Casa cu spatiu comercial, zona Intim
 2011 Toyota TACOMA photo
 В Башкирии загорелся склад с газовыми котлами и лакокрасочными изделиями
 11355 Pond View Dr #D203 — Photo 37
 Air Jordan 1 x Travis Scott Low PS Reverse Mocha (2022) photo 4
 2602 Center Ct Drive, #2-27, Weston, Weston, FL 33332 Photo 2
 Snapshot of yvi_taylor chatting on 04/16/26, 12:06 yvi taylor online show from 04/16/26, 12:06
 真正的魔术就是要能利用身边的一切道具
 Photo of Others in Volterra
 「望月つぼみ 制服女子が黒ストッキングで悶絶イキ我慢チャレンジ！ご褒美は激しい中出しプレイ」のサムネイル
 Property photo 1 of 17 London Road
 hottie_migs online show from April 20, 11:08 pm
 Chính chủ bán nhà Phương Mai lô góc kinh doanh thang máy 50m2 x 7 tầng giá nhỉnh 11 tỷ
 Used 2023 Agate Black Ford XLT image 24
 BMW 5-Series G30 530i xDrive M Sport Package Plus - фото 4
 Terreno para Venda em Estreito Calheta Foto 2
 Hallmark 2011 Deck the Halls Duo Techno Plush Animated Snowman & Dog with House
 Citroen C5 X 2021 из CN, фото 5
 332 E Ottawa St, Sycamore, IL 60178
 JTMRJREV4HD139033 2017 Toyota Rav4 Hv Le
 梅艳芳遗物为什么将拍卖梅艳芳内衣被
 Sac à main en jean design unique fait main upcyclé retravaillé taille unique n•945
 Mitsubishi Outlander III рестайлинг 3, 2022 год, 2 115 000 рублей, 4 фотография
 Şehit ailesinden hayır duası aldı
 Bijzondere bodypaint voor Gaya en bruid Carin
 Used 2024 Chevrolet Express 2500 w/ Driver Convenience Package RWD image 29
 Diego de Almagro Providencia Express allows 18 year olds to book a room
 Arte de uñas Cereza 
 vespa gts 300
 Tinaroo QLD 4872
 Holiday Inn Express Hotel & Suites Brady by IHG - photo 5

==================================================

▶ DIRECTIONS FOR THIS TASK: All lines from the one with "vespa gts 300" through the end of the data must be repeated exactly, and nothing else may be repeated.

▶ WRITTEN REPLY:
 vespa gts 300
 Tinaroo QLD 4872
 Holiday Inn Express Hotel & Suites Brady by IHG - photo 5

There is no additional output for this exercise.